Drugs are not really the big component of the charges here. The charges here are related to doctor visits, physical therapy, emergency room visits, and readmissions. The assumption is made that if you are getting better medical management or pain management, there is less supplemental therapy being used. That is a slightly different situation because it is in the noncancer setting and it actually includes a little bit of the effectiveness issue between the different routes. It is not a pure cost-minimization study there.

Conclusion

One can estimate costs by using models based on using actual charges, as in Bedder et al’s article, or by using base charges to do computer modeling. Some interesting figures resulted from the three different types of models reviewed—Bedder et al’s, the M. D. Anderson theoretical predictive model, and the back pain model. There appears to be a breakeven point between 3 and 6 months when it is less expensive to go with an implanted system than with an externalized system. In addition, if one compares systemic treatment vs spinal delivery with an implanted system, that breakeven point is 1½ to maybe 2½ years. That is probably not terribly significant on a pure dollar basis in the cancer setting, but it actually might be reasonable in a noncancer setting. This is not meant to suggest that patients are treated on the basis of what is the cheapest, but it is important to look at what the charges are when we do treat patients.

Faculty Questions

Elliot Krames, MD: I think that there have been some studies that show the average dose for morphine is about 200 to 250 mg. Your model supposed 600 mg or more. May we then extend your model from 18 months to probably 2½ to 3 years?
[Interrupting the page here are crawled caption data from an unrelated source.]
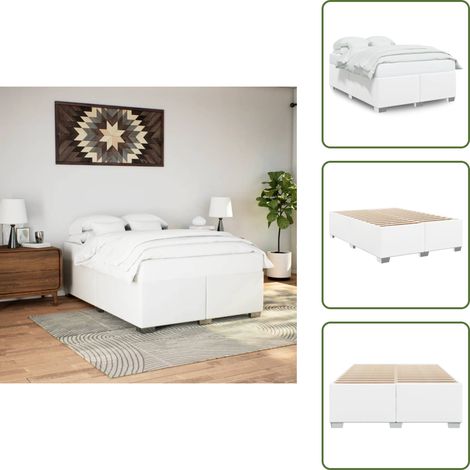 Cadre de lit sans matelas blanc 140x190 cm similicuir - Cadre De Lit - Cadres De Lit - Sommier - Meuble De Chambre À Coucher (1/5)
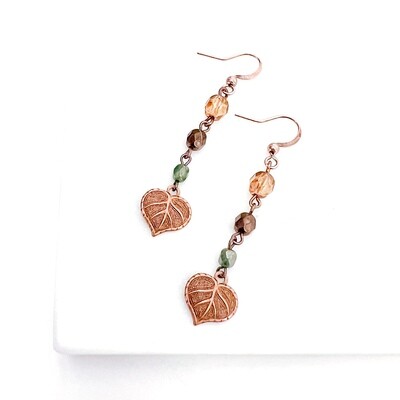 Copper Nouveau Leaf Crystal Earrings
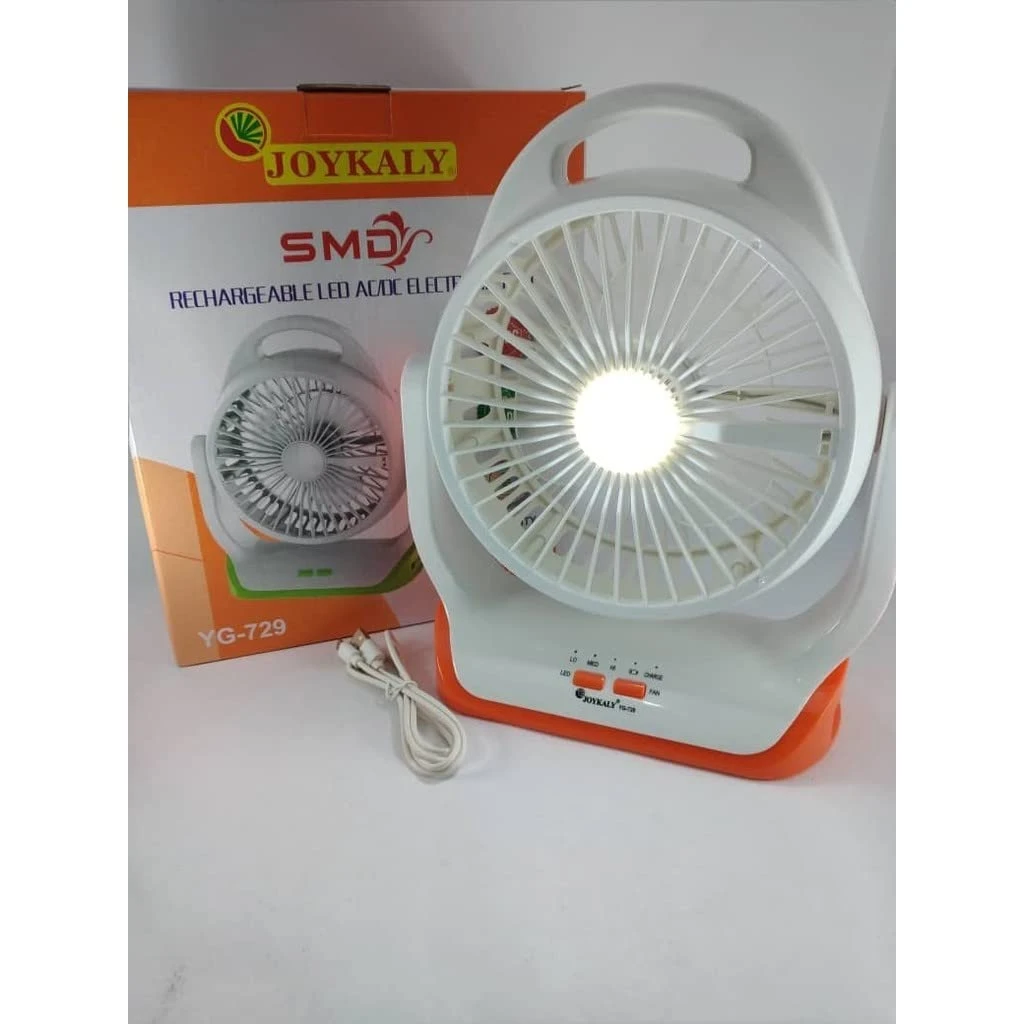 JOYKALY YG-729 Portable Rechargeable LED Light AC/AD Electronic Fan with 6" inches High Speed Blade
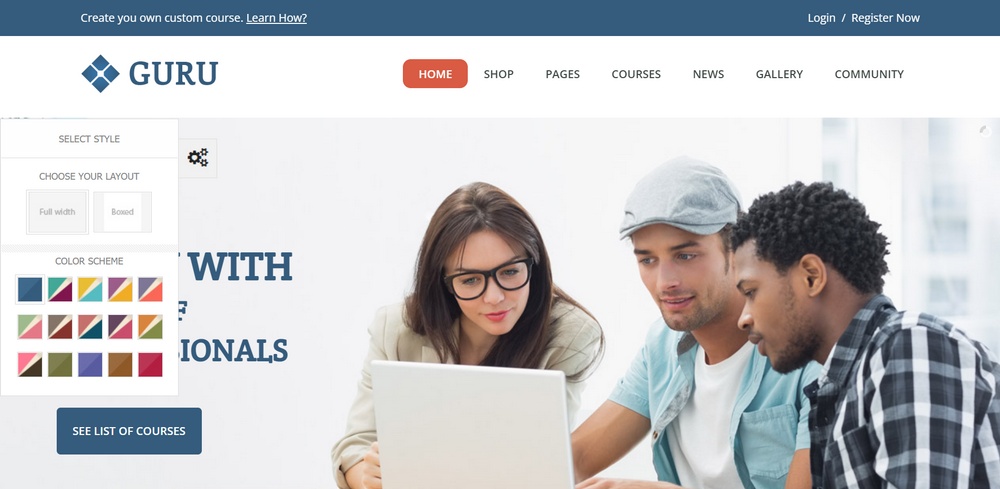 15 Best WordPress LMS Themes for Elearning Websites (Free and Paid Options) guru demo site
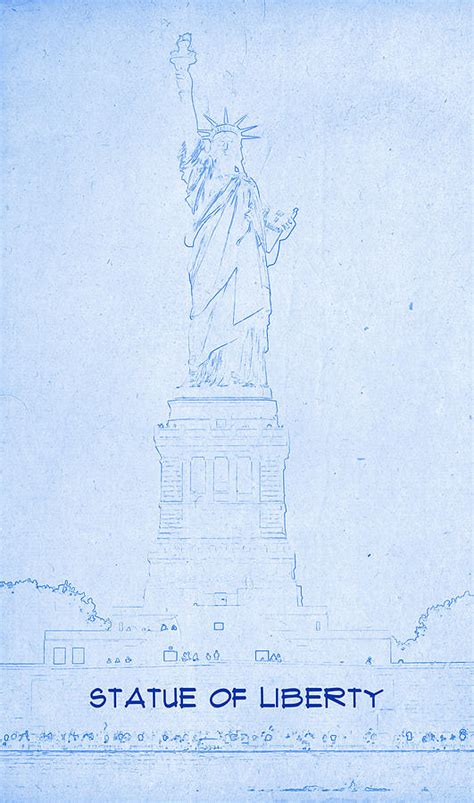 Statue Of Liberty Blueprint Drawing Digital Art By Motionage Designs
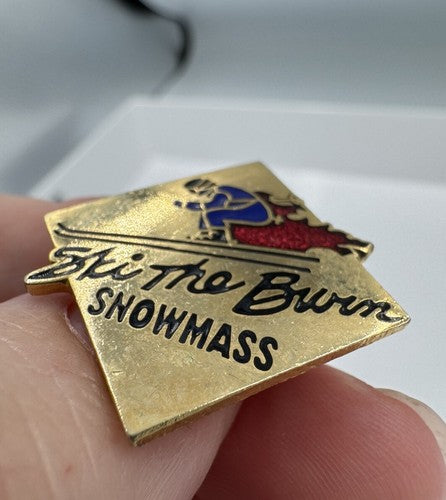 Vintage Aspen Snowmass SKI THE BURN Ski Pin Colorado Ski Resort RARE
Samuel Hassenbusch, MD PhD: Actually that was looked at. With the model, we created four different graphs, from 20 mg per hour to 5 mg per hour and you can carry that down to 1 mg per hour of intravenous morphine or its equivalent. The point is that if you look at the breaks between externalized systems and implanted systems, it really does not change significantly. If you look at the oral opioids vs an implanted system, those breaks did not actually change significantly either, but they are still 1½ to 2 years and that is using MS Contin as opposed to methadone, which of course would drop that virtually to nil.

Dr. Krames: If cost was an issue, then clearly even at 600 mg per day oral morphine for at least 18 months or 2 years is cost-effective. Would you agree with that?

Dr. Hassenbusch: That’s true, although one has to quickly point out that it is not a trivial amount of money. Extended release morphine is not cheap.

Dr. Krames: The conclusion from your data is that at any rate at 2 months to 4 months, subcutaneous therapy or epidural therapy is not, in terms of cost, a viable option when you have to go from oral therapy to some other form of therapy. Would you say that?

Dr. Hassenbusch: Yes. All of the studies—Bedder et al’s plus the others presented here—show the breakeven point anywhere from 3 to 5 months no matter how you vary the numbers.

References:

1. Bedder MD, Burchiel K, Larson A: Cost analysis of two implantable narcotic delivery systems. J Pain Symptom Manage 6(6):368-373, 1991.

2. de Lissovoy G, Brown RE, Halpern M, et al: Cost-effectiveness of long-term intrathecal morphine therapy for pain associated with failed back surgery syndrome. Clin Ther 19(1): 96-112, 1997.

3. Red Book-1994, Medical Economic Data. Montvale, New Jersey, 1994.